Negation

There are 3 types of negation in Flora:

  • \+ - Prolog negation
  • \naf - Negation based on the well-founded semantics
  • \neg - Explicit negation

For most practical purposes, the first two types are similar. Both types embody a form of “negation-as-failure”, that is, \+ p or \naf p will be true if p itself cannot be proven to be true. One difference occurs when the formula under the operator contains variables. For example, we can define the notion of being a bachelor using \+ as follows:

?Person[bachelor] :-
  ?Person : Man,
  \+ ?Person [spouse -> ?Spouse].

Note that the formula under the \+ operator contains a variable ?Spouse. In this situation, if we want to use \naf instead of \+, we have to introduce an exists operator to quantify the variable:

?Person[bachelor] :-
  ?Person : Man,
  \naf exists(?Spouse)^(?Person [spouse -> ?Spouse]).

See Quantifiers for more on exists (there is also a forall operator).
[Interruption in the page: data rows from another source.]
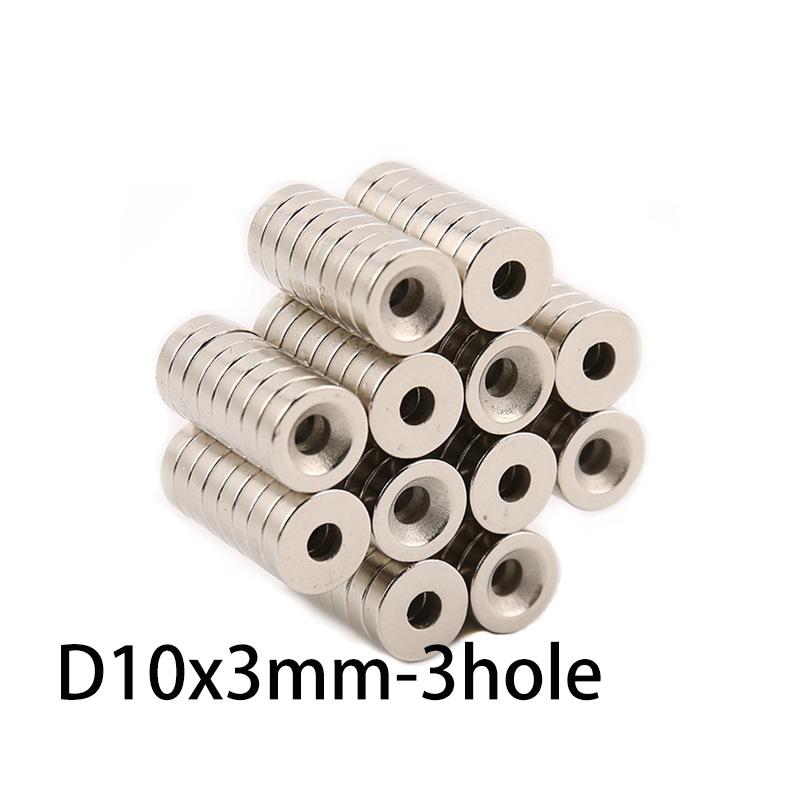 10/20/50pcs 10mm X 3mm Ring Magnets with 3mm Hole - Countersunk for Screw Mounting, Signs, Nameplates, Sensors & DIY Projects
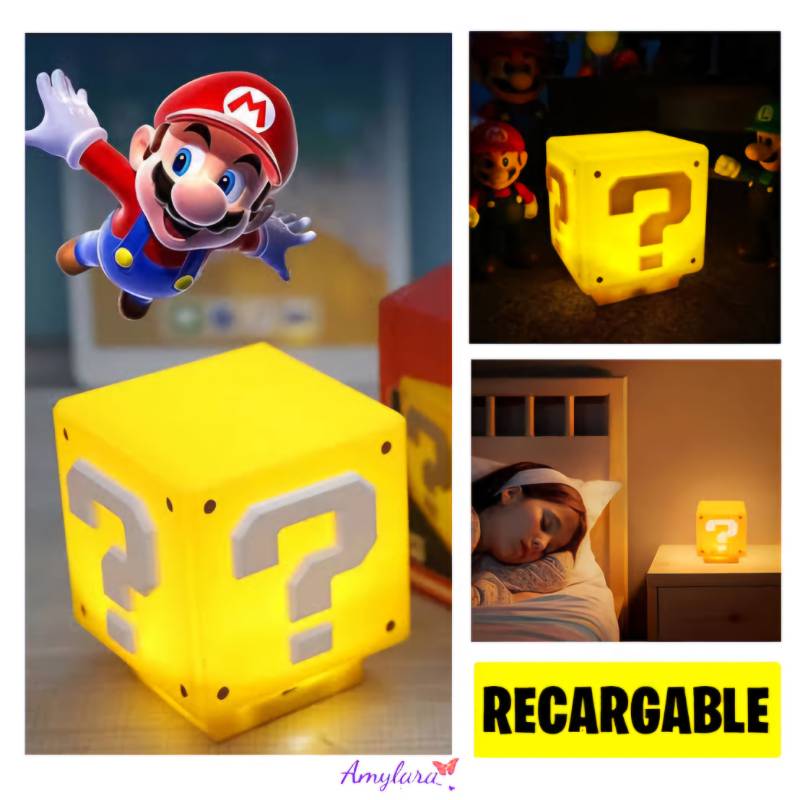 Lámpara Signo de interrogación de Mario Bross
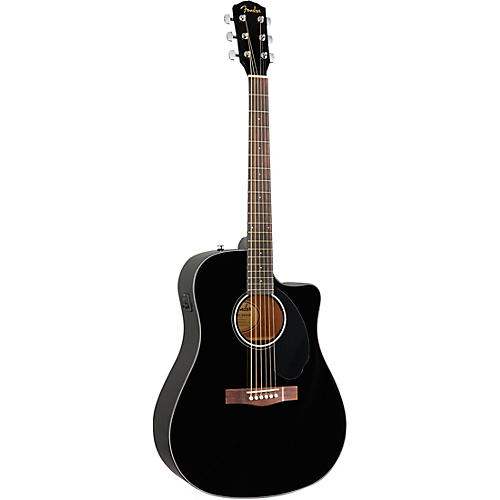 Fender CD-60SCE Dreadnought Acoustic-Electric Guitar Natural - musicians--Friend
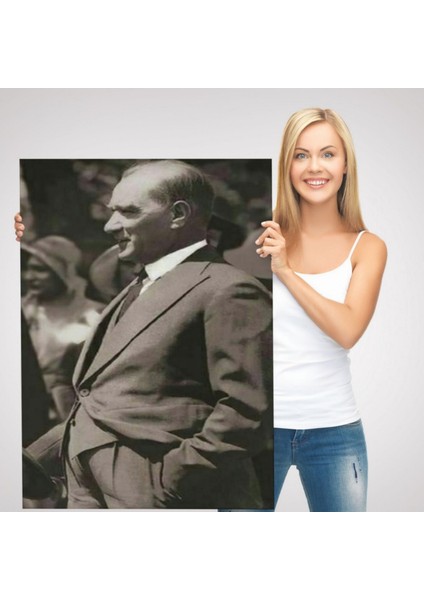 Mustafa Kemal Atatürk Dekoratif Kanvas Tablo, Duvar Dekoru 6068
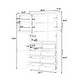 preview thumbnail 5 of 30, Roomfitters 71 Inch Freestanding Kitchen Pantry with 8 Pull-Out Trays and Door Shelves, Shaker Cabinet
Unlike \+, \naf has a well-defined model theoretic semantics, and its use is recommended over \+.

The \neg operator, on the other hand, is completely different. A goal \neg p only succeeds if \neg p has been explicitly asserted, or can be derived from some rule. We saw an example of \neg in the section on boolean properties, above. Unlike the other negations, \neg can occur in rule heads and facts. \neg represents “classical negation” rather than “negation-as-failure”. However, the Flora reasoning engine does not do the kinds of reasoning that a first-order logic theorem prover does in order to prove such negations. For example, in first-order logic, from p or q, not p, one can derive q, but not in Flora.

Another way to look at it is that \naf p and \+ p mean “p is not known to be true”, whereas \neg p means “p is false”. Thus \neg p is a stronger statement. Consequently, \neg p implies \naf p [1] .
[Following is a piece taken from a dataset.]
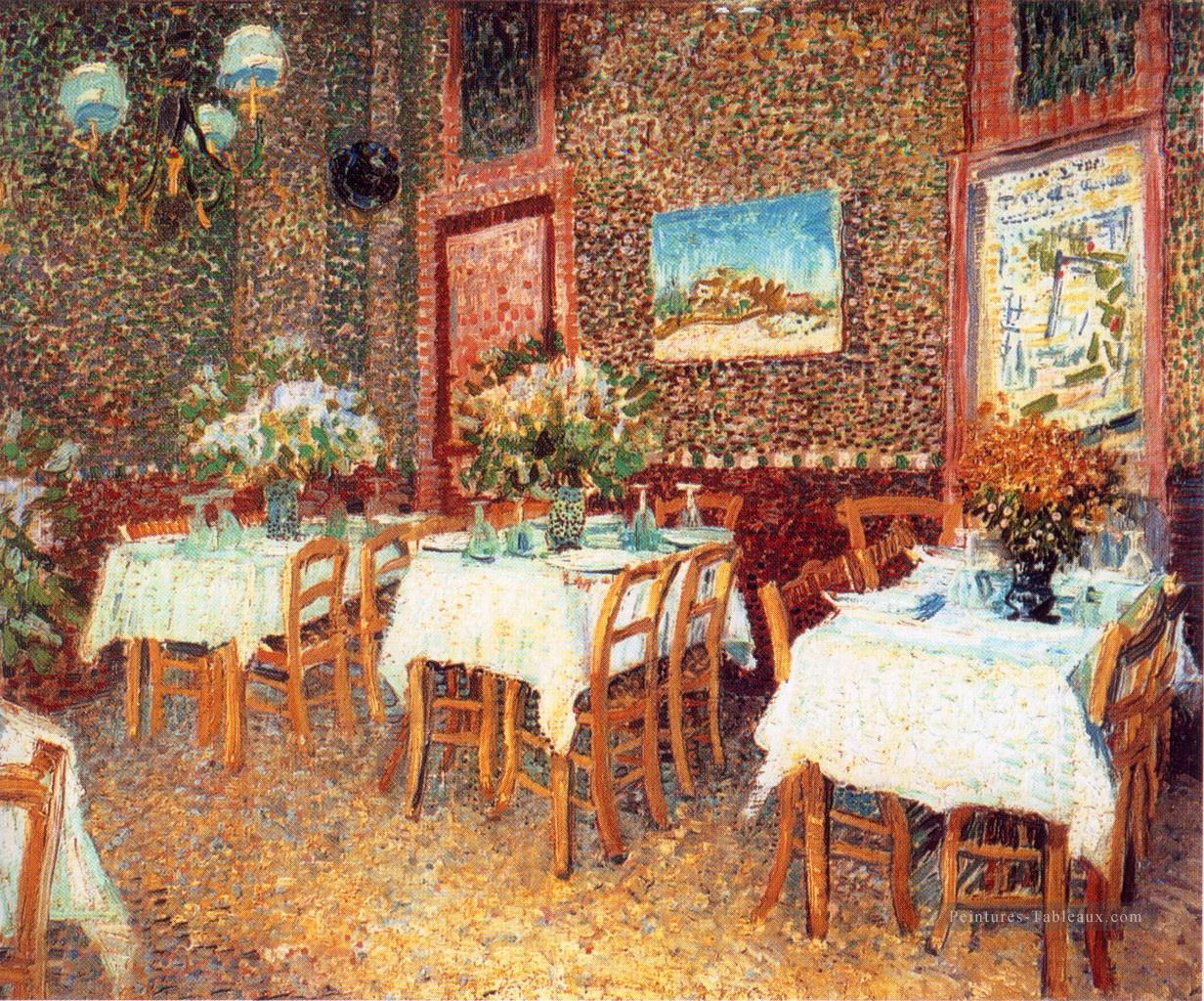 Intérieur d’un restaurant 2 Vincent van Gogh Peintures à l'huile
Warning: Somewhat surprisingly, Flora allows both p and \neg p to be true at the same time. In first-order logic, this would cause an inconsistency, which allows you to derive any fact whatsoever. But again, Flora does not have such reasoning power. Still, if using \neg, watch out for this issue.

The section “Negation” in the Flora-2 Manual [2] has more details on the different types of negation.

[1]But it does not imply \+ p. Of course, neither \naf p nor \+ p imply \neg p, as a weaker statement cannot imply a stronger statement
[2]Kifer, Michael, Guizhen Yang, Wan Hui, and Chang Zhao. 2014. Flora-2: User’s Manual. 1.0. Stony Brook University, Stony Brook: Department of Computer Science.